19 Haziran 2017 Pazartesi

ve de - içimde

Akmış gitmiş günlerim. Ben, isterdim ki,
o, benimle aynı sevinçleri hissetsin, aynı şarkıları dinleyip benimle coşsun, gecenin karanlığına beraber girelim, ben onun çehresini hissedeyim, o da benim çehremi, beni. Aynı dünyayı paylaşalım. Ben hep verdim. O miniminnacık verebildi, ve o miniminnacığı da çok görerek, "bak minniminnacık sevgi veriyorum" diyerek.

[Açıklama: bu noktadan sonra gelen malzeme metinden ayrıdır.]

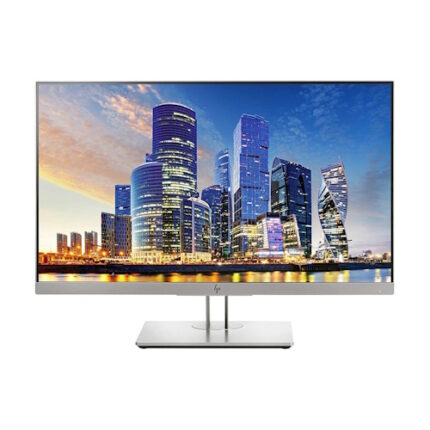 HP EliteDisplay E243 24 Inch Full HD IPS Frameless Monitor in kenya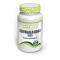 Ashwagandha 1000 60cpr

Ben istedim ki romantik olsun, huzur olsun. Tek gecem aşkla geçmedi hayatımda. Azarlanarak, her an eleştirilerek, ilk geceden son geceye. Aşktan yana umudumu kaybettim. Demek ki sevilemiyorum. Dışım esmerdir, içim kan. Kimsenin beni sevecek o özelliklerim yok, hani öyle ekzotik gibi olan. Sadece masumluğum var. Benim gibi birçok insan var, sevilmeyen, hiç aşk yaşamamış ve aşk umudu kalmamış, ve de en ufak sevgi kırıntısına razı. Ama ne olduğunu bilmediğim bir umut var, aşkla ilgili değil, sevilebilmek, anlaşılmakla ilgili değil, sonsuzlukta bir umudum var. O umut çok uzakta olduğu halde, o umuda doğru çölde giderken, sanki çiçeklerin arasında gidiyormuşum gibi neşem var, orda kuşlar ötüyor gibi, ama değil, yalnızım, gözlerimi kapatıyorum, bir deniz kızı yamacıma geliyor, ilk defa ağzından sözcükler çıkıyor.

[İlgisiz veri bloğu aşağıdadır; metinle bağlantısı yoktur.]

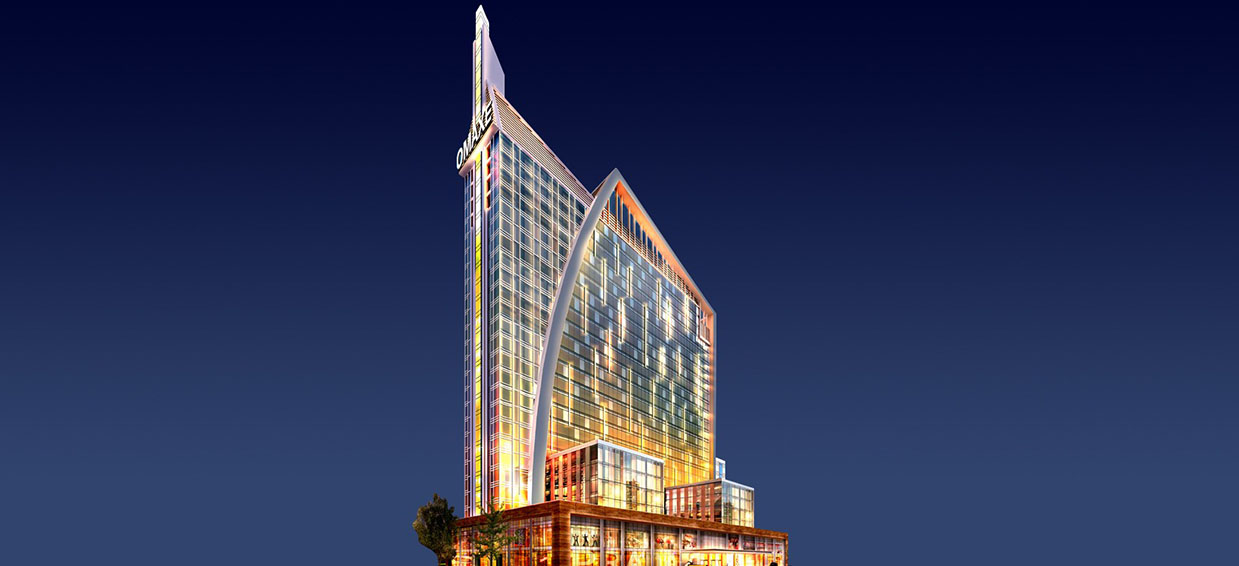 Omaxe-International-Trade-Tower-New-Chandigarh-02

Yaşım bu sefer 33. Saçlarım beyaz, kel, göbekli, kartım, katılıyorum. Bilmediğim bir umudum var. Sevgi dilenemedim, dilenmeyeceğim. Ben kandırıldım, en zayıf yanım ile, sevgi var gibi davranıp beni kendilerine yakınlaştırıyorlardı, bir bebeğe emzik gösterince, onun ağzını açıp yaklaşması gibi, sonra emziği geri çekiyorlardı, ben de yakınlaşmaktan vazgeçtim, zaten hiç emziğim olmamıştı. İsteklerimi kullanarak dalga geçtiler; anlaşılma, hissedilme, bilinme, istenilme, ve hatta özgürlük duygumu kullanarak.

Özgürlük sığmıyor kabına, durduramıyorlar onu, bir ömür sevgisiz yaşamaya razı olamıyor, ya öümü seçiyor, ya da var olmayı, uçmayı, en azından sevilmenin umudunu.

Ve de ben gözlerimi kapatıyorum, sanki biri beni hissediyor gibi, kollarımı açıyorum, çiçeklere dokunuyorum. Umudum var.